Their smooth show certainly upstaged Arizona Governor Jane Dee Hull, who sat quietly at the table during the opening sessions. She skipped out before the discussion sessions, in which governors and conference attendees talked out the finer points of the Enlibra proposal, saying that she needed to attend to a special session of the Legislature.
When commenting on the environment, Hull has consistently taken the hard stand, declaiming federal regulations as "War on the West," calling the Clean Air Act a "tyrannical fist of a law badly in need of renovation and downsizing."
Before she slipped away from the summit, she told New Times that Enlibra "to me is a way to say let's get people together and talk about it. It talks about consensus, and everyone has to give a little bit."
But the particulars are slippery.
As Leavitt and Kitzhaber and Geringer describe Enlibra, it's clear that they view regulation and litigation as hurtful to economies, without acknowledging that the regulation came out of abuses and the litigation out of forcing the regulatory agencies to follow the laws.
The eight principles of Enlibra read like slogans: National Standards, Neighborhood Solutions; Collaboration Not Polarization; Reward Results, Not Programs; Science for Facts, Process for Priorities; Markets Before Mandates; Change a Heart, Change a Nation; Recognition of Benefits and Costs; Solutions Transcend Political Boundaries.

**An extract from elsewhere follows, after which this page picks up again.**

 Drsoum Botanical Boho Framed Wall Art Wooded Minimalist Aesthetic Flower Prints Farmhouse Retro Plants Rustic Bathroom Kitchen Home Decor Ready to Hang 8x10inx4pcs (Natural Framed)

All the talk of markets makes environmentalists worry that it's just another way of saying that the economy, which can be measured in dollars, is more important than habitat and biodiversity, which cannot. And they question whether the Enlibra-ites really want to let the free market have its way with logging and ranching and mining--or if, as is more likely, they want to leave all of the government subsidies in place in those industries, and fall back on the same old argument that if you shut down the mill, then people will lose their jobs. Similarly, paying the mortgage would take priority over the environment, if decisions were made locally. And what would happen to actual enforcement of the law? Would Enlibra have any teeth, or would it be voluntary?